The goal of this project is give you practice beginning to work with a distributed recommender system. It is sufficient for this assignment to build out your application on a single node.
Adapt one of your recommendation systems to work with Apache Spark and compare the performance with your previous iteration. Consider the efficiency of the system and the added complexity of using Spark. You may complete the assignment using PySpark (Python), SparkR (R) , sparklyr (R), or Scala.
#Libraries
library(tidyverse)
library(kableExtra)
library(knitr)
library(recommenderlab)
library(reshape2)
library(sparklyr)
library(tictoc)MovieLense Data is chosen to perform recommendation. We explore the Matrix Factorization technique using ALS in recommenderlab and Spark to evaluate the performance.

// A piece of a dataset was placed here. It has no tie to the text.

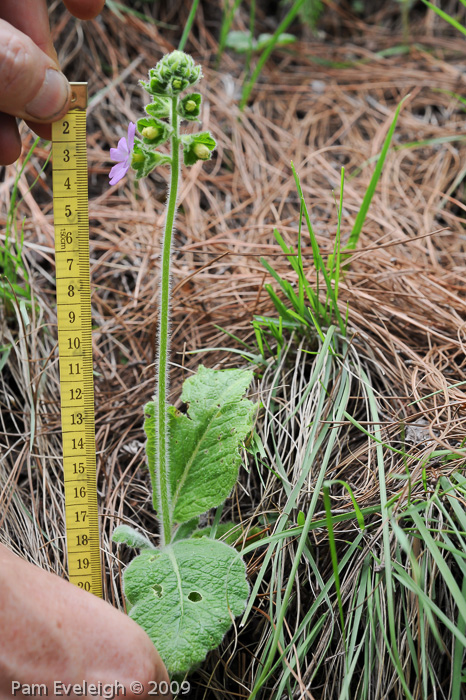 <i>Primula blattariformis </i>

GroupLens Research has collected and made available rating data sets from the MovieLens web site (http://movielens.org). The data sets were collected over various periods of time, depending on the size of the set
set.seed(612)
#MovieLens
data("MovieLense")
movielense <- MovieLense
movies <- as(movielense, "data.frame")
movies <- transform(movies, itemid = as.numeric(factor(item)))
colnames(movies) <- c("userId", "Movie", "rating", "movieId")
ratings <- movies %>% select(userId, movieId, rating)
ratings$userId <- as.double(ratings$userId)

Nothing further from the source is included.